“…Jesus instructed them, “Don’t leave Jerusalem, but wait here until you receive the gift I told you about, the gift the Father has promised. For John baptized you in water, but in a few days from now you will be baptized in the Holy Spirit!” – Acts 1:4-5.
Most of us do not enjoy sitting in a waiting room. doctor office, hospital waiting room, or heaven forbid outside an IRS office. But waiting rooms are a way of life. In fact, we are all in a waiting room of sorts with this pandemic – waiting to see when life will return to normal, or at least free us up to do many of the things we took for granted but now can’t do.
Sometimes God puts us in a waiting room as a part of our experience in the Christian life. And waiting on the Lord may be one of the more difficult aspects of the Christian life. When Jesus left earth to go back to heaven, He told His followers that He would return, and that they needed to wait. And that’s what we are doing right now, too – waiting on His return.
Most of us have heard the old adage, “Don’t just stand there – do something.” Oftentimes, God says to us, “Don’t just do something – stand there.” We feel better, more valuable, have more meaning if we are doing something – If we’re busy. But waiting means that we are going to trust that God knows what He is doing. Waiting is not easy, but it is often exactly what God wants us to do so He can take us to a new, deeper place in our walk with Him.

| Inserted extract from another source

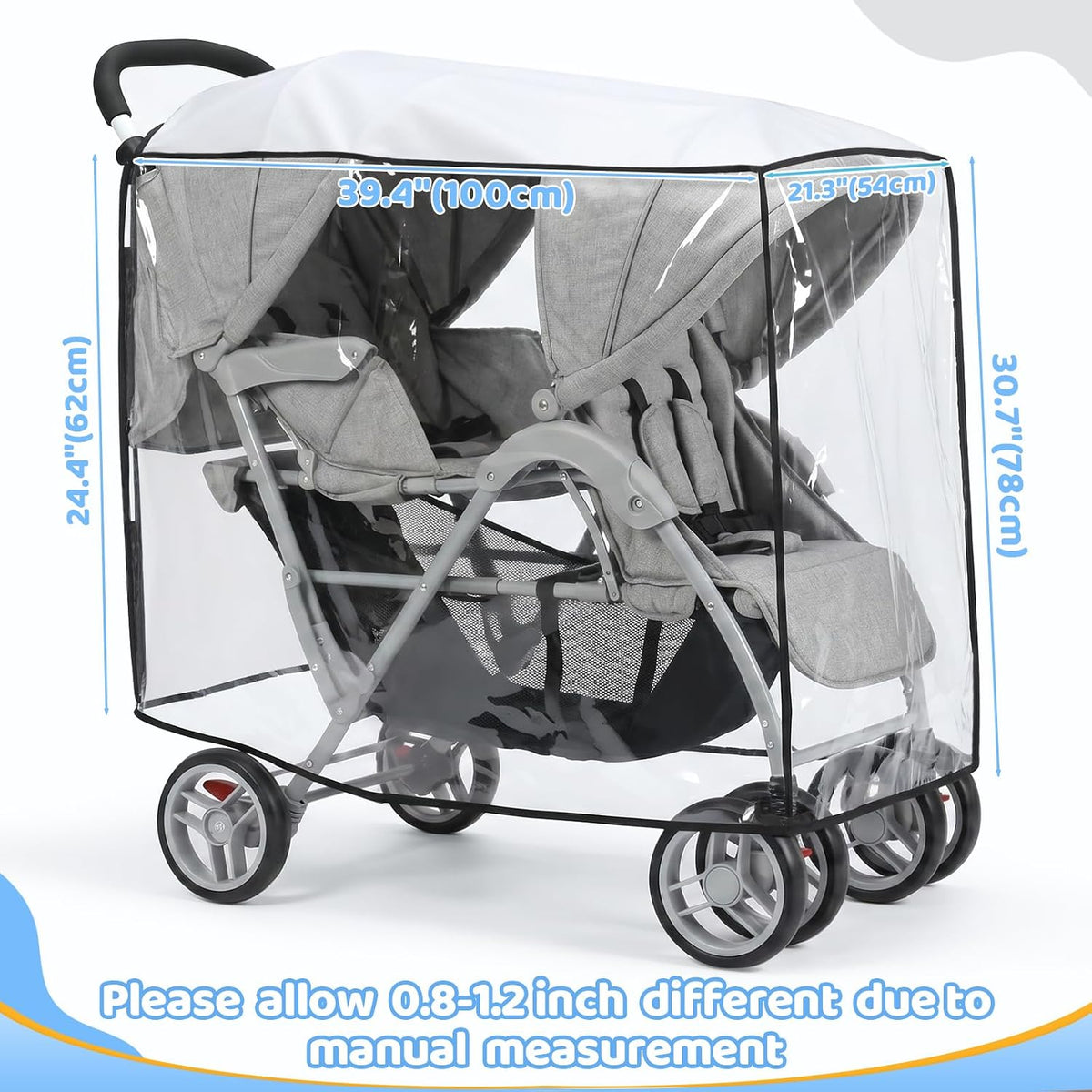 Double Stroller Rain Cover for Tandem Stroller, Universal Fit, Easy Use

The apostles were also waiting because Jesus was going to send the Holy Spirit to them after He left. They were to wait until the Spirit came to them, which He did on the Day of Pentecost in Acts 2. And when the Holy Spirit came to them, He transformed them into the vessels that God would use to take the Gospel to the world.
Most people define the word “wait” as being patient and still. But it can be more than that. It could well be that the Lord wants us to be patient and still during the pandemic, but it also could mean that He is asking us to be expectantly watchful. In other words to wait on the Lord like a waiter watches his or her customers. The pandemic will either frustrate us or the opportunities will intrigue and motivate us. Waiting can also be productive.
While we are waiting we can spend more time on relationships rather than interacting with groups. We can discover unique qualities and characteristics in people that we would never have known if part of a group. We can connect with people who moved away. We can spend more time in prayer. We can reconnect with old friends. And we can be available as needs arise while we are waiting.
And while we are waiting we can ask the Holy Spirit to show us how we can serve in this season of limitations. We may need to wait and be patient, but it doesn’t hurt to be productive even when we are waiting.
- What’s something you’re currently waiting for God to do for you? What might He be doing in you?
- Why do you think God’s timing is different from ours? What could be so different about our perspective? What do you typically do while you are waiting?